**Available data**
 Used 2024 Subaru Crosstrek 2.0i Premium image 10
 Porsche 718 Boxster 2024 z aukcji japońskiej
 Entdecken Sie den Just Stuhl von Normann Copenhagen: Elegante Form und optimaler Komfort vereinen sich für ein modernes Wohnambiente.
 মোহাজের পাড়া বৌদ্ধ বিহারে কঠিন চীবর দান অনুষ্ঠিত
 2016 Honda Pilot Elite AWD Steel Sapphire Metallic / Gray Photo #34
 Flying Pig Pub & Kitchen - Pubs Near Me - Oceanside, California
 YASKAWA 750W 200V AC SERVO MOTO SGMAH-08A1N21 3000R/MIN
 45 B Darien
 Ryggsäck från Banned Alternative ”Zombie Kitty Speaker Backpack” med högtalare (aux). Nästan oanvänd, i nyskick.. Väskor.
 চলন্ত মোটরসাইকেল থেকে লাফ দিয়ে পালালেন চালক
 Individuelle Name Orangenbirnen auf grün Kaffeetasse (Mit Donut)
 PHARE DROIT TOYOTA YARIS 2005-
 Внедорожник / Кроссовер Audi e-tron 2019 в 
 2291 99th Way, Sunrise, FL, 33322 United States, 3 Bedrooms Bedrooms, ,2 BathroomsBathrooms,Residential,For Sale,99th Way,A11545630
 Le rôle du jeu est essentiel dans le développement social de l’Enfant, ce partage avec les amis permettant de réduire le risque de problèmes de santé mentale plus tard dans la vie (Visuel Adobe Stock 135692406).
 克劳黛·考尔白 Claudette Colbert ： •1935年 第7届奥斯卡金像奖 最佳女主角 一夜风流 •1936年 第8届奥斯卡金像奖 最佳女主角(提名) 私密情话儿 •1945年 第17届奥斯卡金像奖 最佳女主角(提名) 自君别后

**Work to complete**
When you answer, retype all of the material exactly as it appears above.

**Answer section**
 Used 2024 Subaru Crosstrek 2.0i Premium image 10
 Porsche 718 Boxster 2024 z aukcji japońskiej
 Entdecken Sie den Just Stuhl von Normann Copenhagen: Elegante Form und optimaler Komfort vereinen sich für ein modernes Wohnambiente.
 মোহাজের পাড়া বৌদ্ধ বিহারে কঠিন চীবর দান অনুষ্ঠিত
 2016 Honda Pilot Elite AWD Steel Sapphire Metallic / Gray Photo #34
 Flying Pig Pub & Kitchen - Pubs Near Me - Oceanside, California
 YASKAWA 750W 200V AC SERVO MOTO SGMAH-08A1N21 3000R/MIN
 45 B Darien
 Ryggsäck från Banned Alternative ”Zombie Kitty Speaker Backpack” med högtalare (aux). Nästan oanvänd, i nyskick.. Väskor.
 চলন্ত মোটরসাইকেল থেকে লাফ দিয়ে পালালেন চালক
 Individuelle Name Orangenbirnen auf grün Kaffeetasse (Mit Donut)
 PHARE DROIT TOYOTA YARIS 2005-
 Внедорожник / Кроссовер Audi e-tron 2019 в 
 2291 99th Way, Sunrise, FL, 33322 United States, 3 Bedrooms Bedrooms, ,2 BathroomsBathrooms,Residential,For Sale,99th Way,A11545630
 Le rôle du jeu est essentiel dans le développement social de l’Enfant, ce partage avec les amis permettant de réduire le risque de problèmes de santé mentale plus tard dans la vie (Visuel Adobe Stock 135692406).
 克劳黛·考尔白 Claudette Colbert ： •1935年 第7届奥斯卡金像奖 最佳女主角 一夜风流 •1936年 第8届奥斯卡金像奖 最佳女主角(提名) 私密情话儿 •1945年 第17届奥斯卡金像奖 最佳女主角(提名) 自君别后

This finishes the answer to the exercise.